Il est courant que les ménages urbains accueillent des enfants et des adolescents, probablement en provenance du milieu rural. Dans les villages, la tendance est à l’envoi des jeunes en ville dans l’espoir d’accéder à la scolarisation ou à la formation professionnelle (Antoine et Guillaume, 1986). Ce résultat est à rapprocher de celui obtenu par Wakam (1997) au Cameroun, où l’urbanisation est positivement associée à l’accueil des personnes apparentées. Il importe de rappeler que les jeunes d’origine rurale confiés en ville pour la scolarisation ou l’apprentissage de métier peuvent être exploités dans le ménage d’accueil (Younoussi, 2007). Ils peuvent être assignés à des tâches domestiques sans possibilité d’aller à l’école ou d’apprendre un métier. Certains seraient orientés vers les activités économiques du secteur informel et contribueraient aux charges de la famille d’accueil.
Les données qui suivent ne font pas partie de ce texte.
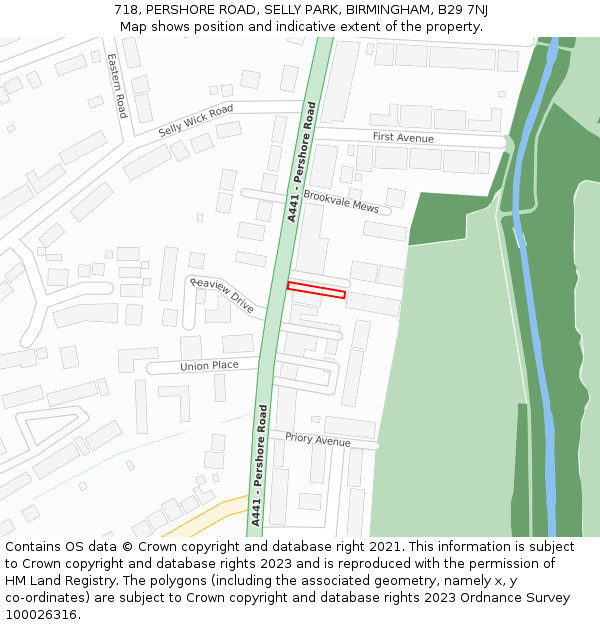 718, PERSHORE ROAD, SELLY PARK, BIRMINGHAM, B29 7NJ: Location map and indicative extent of plot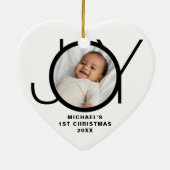 Custom Baby's First Christmas Photo Keramik Ornament (Hinten)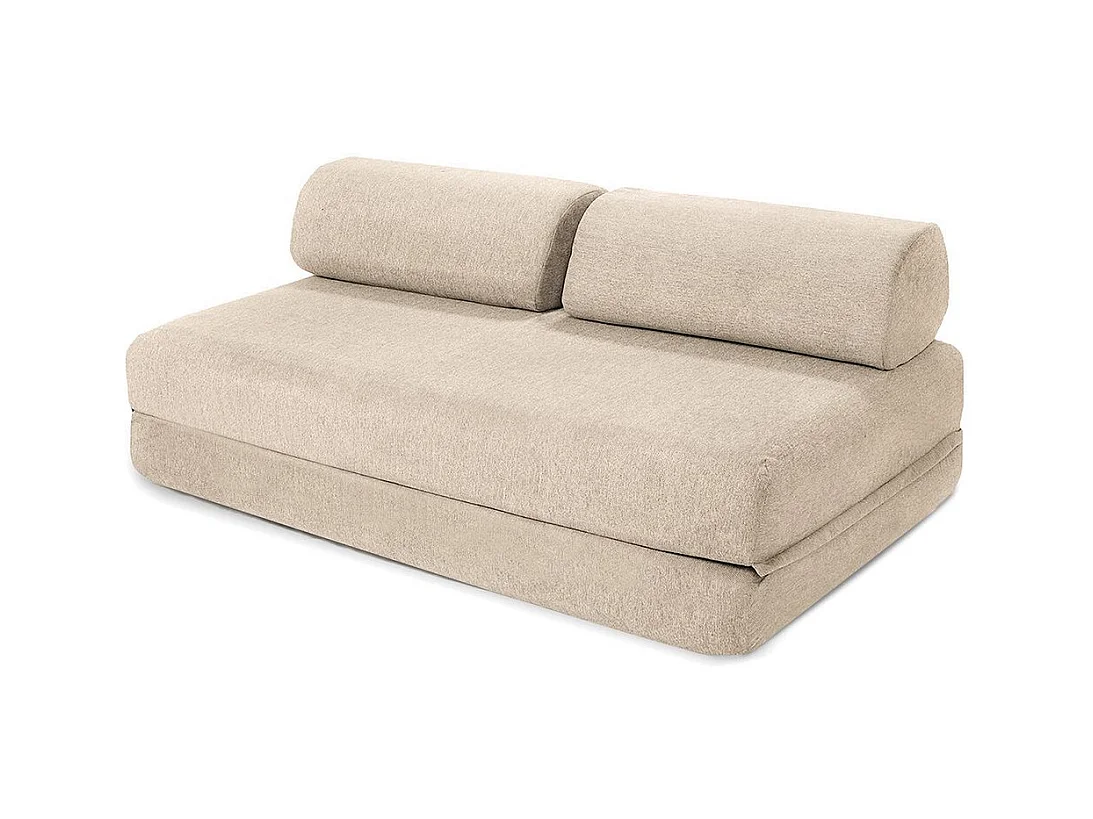 Canapé d'angle modulable et convertible 4 places - Tissu lisse - Beige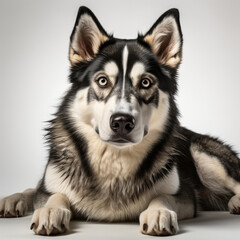 Obraz premium A Siberian Husky (Canis lupus familiaris) with dichromatic eyes posing elegantly.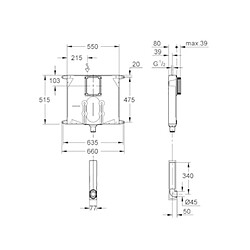 BÂTI-SUPPORTS GROHE POUR CUVETTE À FOND PLAT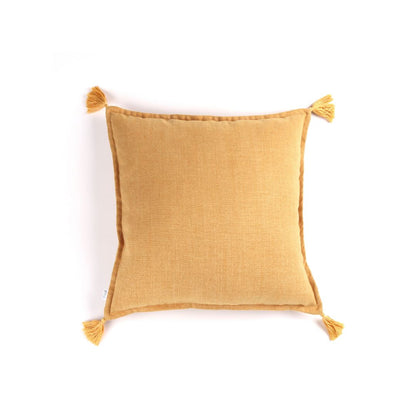 Front of yellow Handmade cushion cover with tassels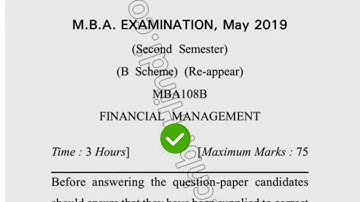 2019 Dcrust MBA 2nd Sem Reappear Financial Management Question Paper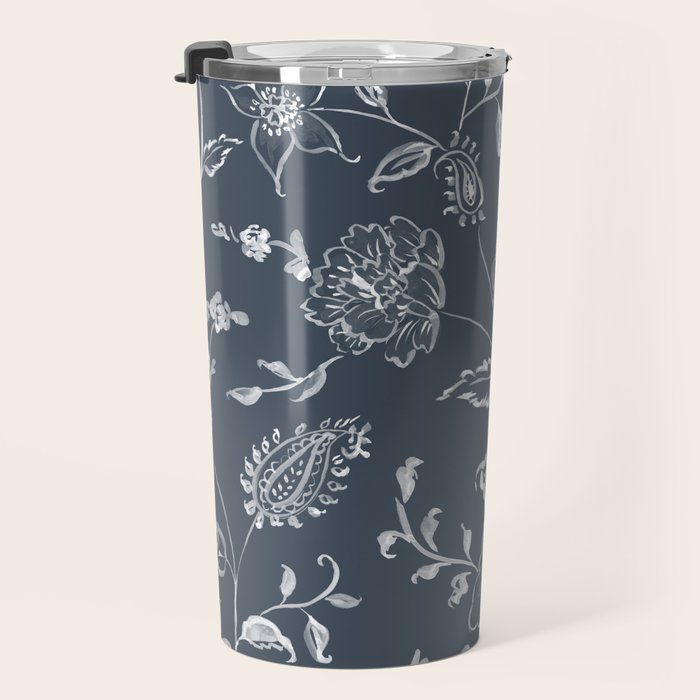 Watercolor Chintz Floral - Indigo Travel Mug Gallery Image 3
Les adolescents résidant dans le Nord sont plus susceptibles d’appartenir à un ménage non parental.
La pratique du confiage serait plus développée dans le nord du Burkina Faso. Dans cette partie du pays, les migrations climatiques occasionnées par les sécheresses pluviométriques (Henry, 2007) et la pratique du nomadisme pastoral (Younoussi, 2007) conduiraient certains parents à séjourner durant plusieurs mois hors des zones de résidence habituelle. La progéniture restée dans le milieu d’origine serait élevée dans d’autres ménages en attendant le retour des parents. Une autre raison pouvant expliquer cette propension à résider dans des ménages non parentaux est à rechercher dans la culture religieuse musulmane. Il n’est pas exclu que certains ménages non parentaux correspondent à ceux de maîtres coraniques, chargés d’assurer une éducation religieuse aux enfants.
Les filles sont plus susceptibles de résider dans des ménages non parentaux.
Les filles circulent plus dans les ménages parce qu’elles aident très tôt aux travaux domestiques et à la garde des nourrissons (Jonckers, 1997).
Les jeunes de 6 à 14 ans sont plus susceptibles de résider dans des ménages monoparentaux ou non parentaux, tandis que ceux de 15 à 19 ans sont moins susceptibles d’y résider.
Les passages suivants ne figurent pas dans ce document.